Reputation: 1547
I've got something like that in HTML coming from server:
<html ...>
<head ...>
....
<link href="http://mydomain.com/Digital_Cameras--~all" rel="canonical" />
<link href="http://mydomain.com/Digital_Cameras--~all/sec_~product_list/sb_~1/pp_~2" rel="next" />
...
</head>
<body>
...
</body>
</html>
If b holds the browser object navigated to the page I need to look through, I'm able to find rel="canonical"
with b.html.include?
statement, but how could I retrieve the entire line where this substring was found? And I also need the next (not empty) one.
Upvotes: 1
Views: 422
Reputation: 46846
You can use a css-locator (or xpath) to get link elements.

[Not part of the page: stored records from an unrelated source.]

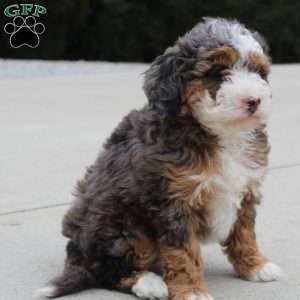 Sandy, Mini Bernedoodle Puppy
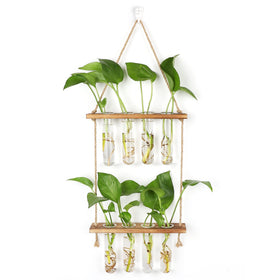 Hyindoor wall hanging planter terrarium with two-tier design for propagation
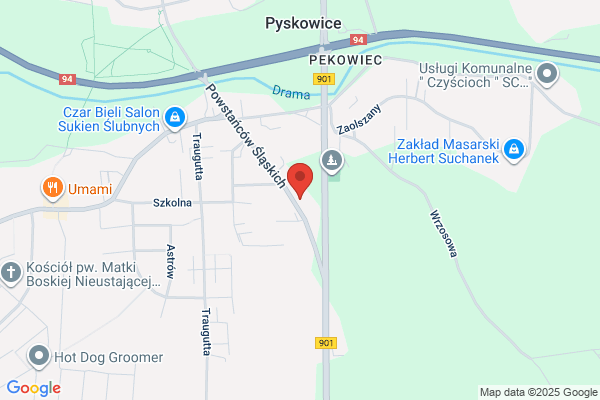Labusek Jan i Urszula. ZHU. Stacja kontroli pojazdów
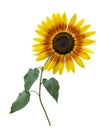 Decorative sunflower in bloom on white background Royalty Free Stock Photo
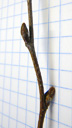 silver birch (betula pendula), buds slender, egg-shaped, sticking out, often with glossy secretions on the top. 2009-01-26, Pentax W60. keywords: betula verrucosa, weiss-birke, bouleau verruqueux, bouleau commun, betulla bianca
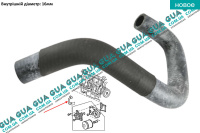 Патрубок масляного радіатора / трубка системи охолодження ( шланг теплообмінника )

The following would return the html (which would be the line) for the link element that has the rel attribute value of "canonical":
b.element(:css => 'link[rel="canonical"]').html
#=> <link href="http://mydomain.com/Digital_Cameras--~all" rel="canonical" />
I am not sure what you mean by "I also need the next (not empty) one.". If you mean that you want the one with rel attribute value of "next", you can similarly do:
b.element(:css => 'link[rel="next"]').html
#=> <link href="http://mydomain.com/Digital_Cameras--~all/sec_~product_list/sb_~1/pp_~2" rel="next" />
Upvotes: 5
Reputation: 5283
You could use String#each_line
to iterate through each line in b.html
and check for rel=
:
b.goto('http://www.iana.org/domains/special')

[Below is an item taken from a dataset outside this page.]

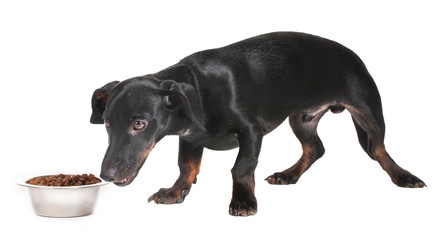 black little dachshund dog and food isolated on white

b.html.each_line {|line| puts line if line.include? "rel="}
That should return all strings including rel=
(although it could return lines that you don't want, such as <a>
tags with rel
attributes).
Alternately, you could use nokogiri to parse the HTML:
require 'nokogiri'
require 'open-uri'
doc = Nokogiri::HTML(open("http://www.iana.org/domains/special"))
nodes = doc.css('link')
nodes.each { |node| puts node}
Upvotes: 0